::: Information given

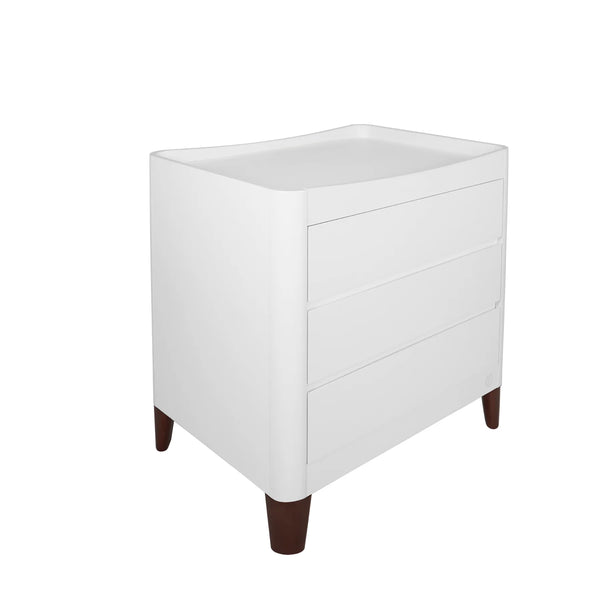 Serena Dresser White & Walnut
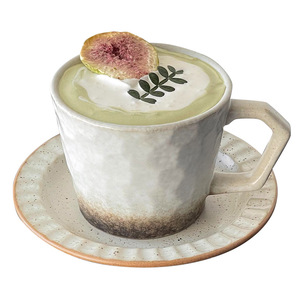 Mug à café en céramique élégant, rétro, à effet de four, résistant aux hautes températures, souvenir vintage, pour le bureau et le thé de l'après-midi, en grès - Product Image 5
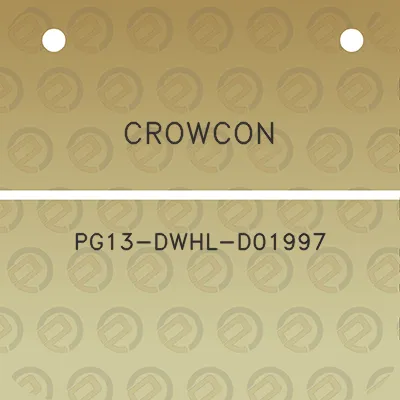 crowcon-pg13-dwhl-d01997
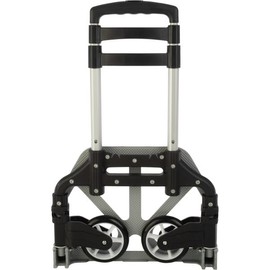 Folding Hand Truck - Dolly Cart with 154lb Capacity - Lightweight and Compact Aluminum Folding Cart with Telescoping Handle for Moving by Stalwart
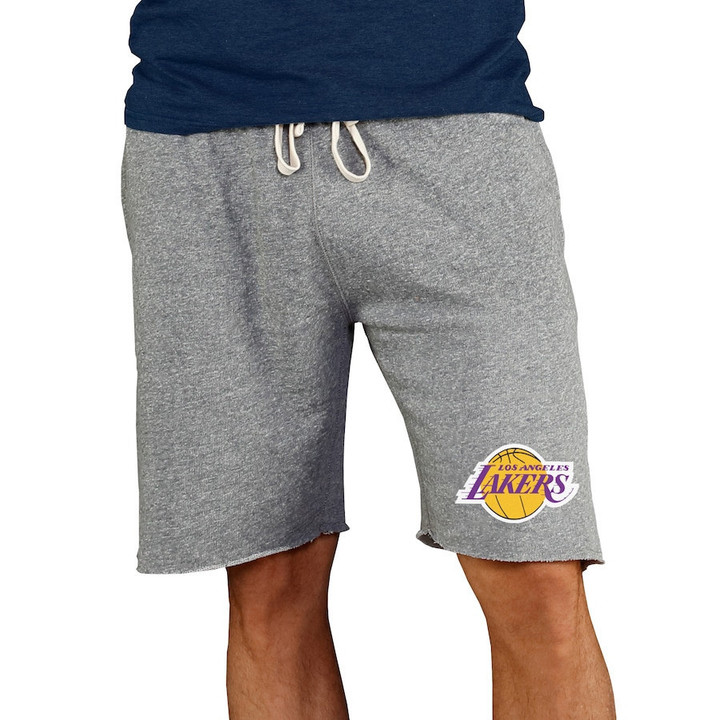 Los Angeles Lakers Concepts Sport Mainstream Terry Shorts - Gray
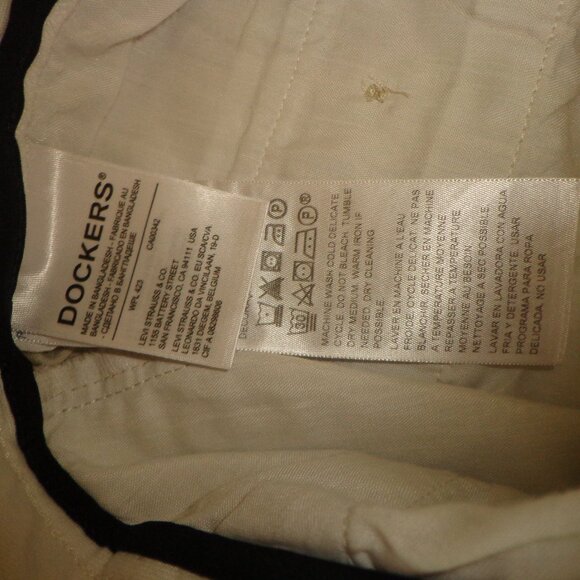 Men's Dockers Classic Fit Pants Khaki Tan W36 L32 Zip/Button Closure Pockets - Picture 9 of 11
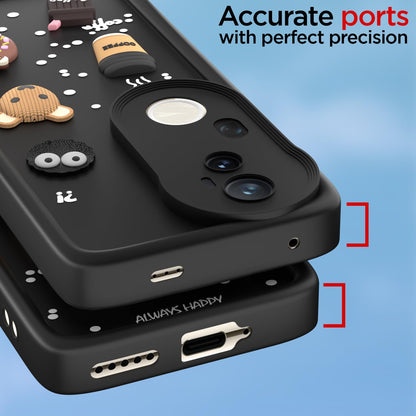 Vivo T4 Ultra 5G Silicone phone cover in black by Pikkme – photo 4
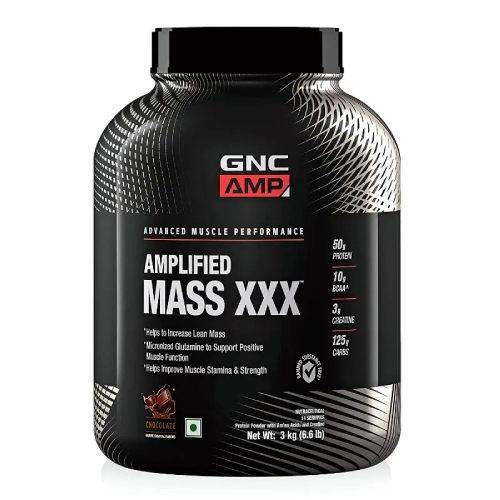 GNC AMP Mass XXX Powder for Adults 6.6 lbs 3000gm Chocolate Creatine for Muscle Growth Suppliers, Distributors, Franchise in Haryana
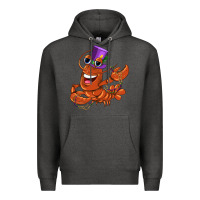 Charcoal Heather mardi gras crawfish Premium Hoodie - CowGirlArtShop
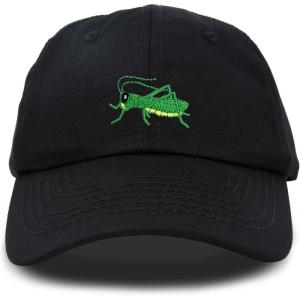 imageNature Outdoors Grasshopper Baseball Cap Embroidered HatBlack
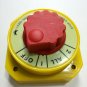 Boat Yacht RV Yellow Dual Battery Isolator Selector Switch 2 ALL 1 OFF 9109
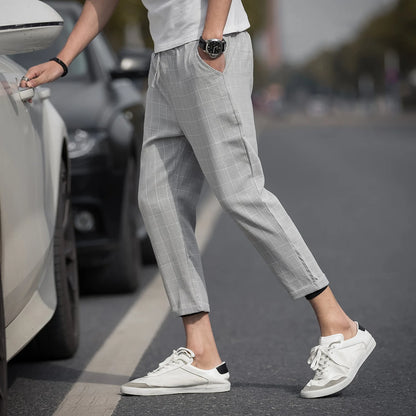 Vince Checkered Slim Pants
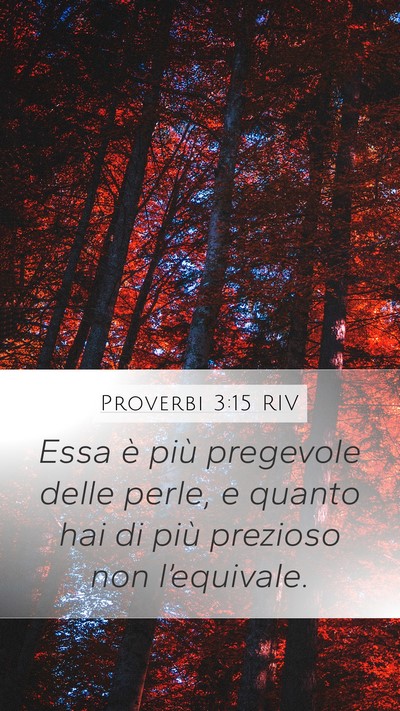 Proverbi 3:15 RIV Bible Verse Image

::::::

What you should do — Leave the pictures out. Extract exactly the lines running from the one with "Charcoal Heather mardi" through the last entry, both ends included.

Answer space —
 Charcoal Heather mardi gras crawfish Premium Hoodie - CowGirlArtShop
 imageNature Outdoors Grasshopper Baseball Cap Embroidered HatBlack
 Boat Yacht RV Yellow Dual Battery Isolator Selector Switch 2 ALL 1 OFF 9109
 Vince Checkered Slim Pants
 Proverbi 3:15 RIV Bible Verse Image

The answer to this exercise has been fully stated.